It's about time - Approaching Bitemporality (Part 1)

In the past I was part of a project with rather specialized data. It was important to create records in a database that had a certain validity, but it was also important to know how the data looked at a given point in the past, so documents could be recreated exactly as they really were at a certain time. We solved this in a “normal” relational database, and it worked as expected, but it added a lot of overhead to the interaction with the database and made us implement several abstractions over the tables. In this short article-series I plan to explain what “bitemporality” is, why we might need it, how it can be achieved in different ways in relational databases and wich database products offer special support. In this part of the series, we will not see bitemporal functionality, yet. Instead, we will start out without the factor “time” in our model at all and slowly add more capabilities.

This text was edited on Nov. 4th 2022 to include a better definition of the term bitemporality after some friendly suggestions, thank you very much for the feedback!

What is bitemporality?

Whenever a database stores information about time, we can speak of it as a “temporal database”. This information is usually one of the following two:

Transaction time - describing at which time data in a database was recorded
Valid time - describing for which timespan data is valid in the real world

We can imagine both as metadata which is represented on an axis which progresses over time.
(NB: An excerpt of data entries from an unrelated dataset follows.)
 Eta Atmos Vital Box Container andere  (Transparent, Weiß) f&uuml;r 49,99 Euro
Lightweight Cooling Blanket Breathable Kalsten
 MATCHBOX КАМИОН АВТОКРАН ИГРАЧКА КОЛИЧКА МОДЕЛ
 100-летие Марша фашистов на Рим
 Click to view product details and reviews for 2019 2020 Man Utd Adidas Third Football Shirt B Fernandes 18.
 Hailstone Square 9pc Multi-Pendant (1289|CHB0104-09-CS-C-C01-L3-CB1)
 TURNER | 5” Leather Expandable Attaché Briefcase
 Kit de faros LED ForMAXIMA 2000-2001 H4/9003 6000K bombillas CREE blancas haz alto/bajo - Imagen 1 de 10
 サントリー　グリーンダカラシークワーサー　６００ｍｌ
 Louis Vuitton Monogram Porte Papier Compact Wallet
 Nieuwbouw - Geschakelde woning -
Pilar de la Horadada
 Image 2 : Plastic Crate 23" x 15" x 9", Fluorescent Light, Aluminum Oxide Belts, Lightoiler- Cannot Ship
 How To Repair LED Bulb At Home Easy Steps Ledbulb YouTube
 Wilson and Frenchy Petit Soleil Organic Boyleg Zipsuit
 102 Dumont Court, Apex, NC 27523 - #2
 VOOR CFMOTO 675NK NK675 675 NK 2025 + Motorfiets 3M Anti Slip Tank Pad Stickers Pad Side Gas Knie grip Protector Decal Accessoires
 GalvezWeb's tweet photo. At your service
A database which makes use of one of these axes is called a unitemporal database. It provides mechanisms to query this axis, so we can either find out what data was stored at a certain point in the past (transaction time) or which data was valid (or will be valid) for which timespan (valid time). A bitemporal database utilizes two axes of time simultaneously, which enables us to query data in regard to both transaction time and valid time. To understand why we might need a bitemporal database, I’d like to start with the example below.

The usecase

Imagine you work at a financial institution which is required to keep its user data up to date. At the same time, the bank should be able to reproduce all documents that were sent out in the past as they were for auditing reasons (in reality this is often done in a different way: all old documents are archived, but bear with me for this example 😉). A lot of the customers data can change, most common are name changes due to marriage and, of course, address changes. While the bank is required to keep this data up to date, it’s the customers obligation to inform the bank about changes.

For our example, let’s get to know our customer, Jay Doe. They are a customer of the Timebank, and are about to get married. They will take theire spouses last name, and will be known as “Jay Duh” (thanks to Christoph for the suggestion!) from 2022-12-01 on. After the wedding, the Duh family immediately starts their honeymoon. Communicating his new name to the bank is not one of Jays priorities, but they remember that they have to do this when the bank sends a contract update via mail on 2023-01-10, and it contains their old name, Jay Doe. They start the process with their bank advisor at Timebank and mails in their marriage certificate which proves that they are “Jay Duh” since December 1st 2022.

In this case, Jay notified the bank on January 10th 2023 that their name changed on December 1st 2022. The validity of the new name is now “December 1st 2022 to infinity” (or until further changes are made). The transaction time of this information however is January 10th 2023, the bank did not know of the change earlier. This might be important, if we have to reproduce the document that was sent out for audit reasons: If the document was created on January 8th, an exact recreation of the document needs to have the old name printed at the top. Our goal is to combine the information on both axis into a bitemporal database model.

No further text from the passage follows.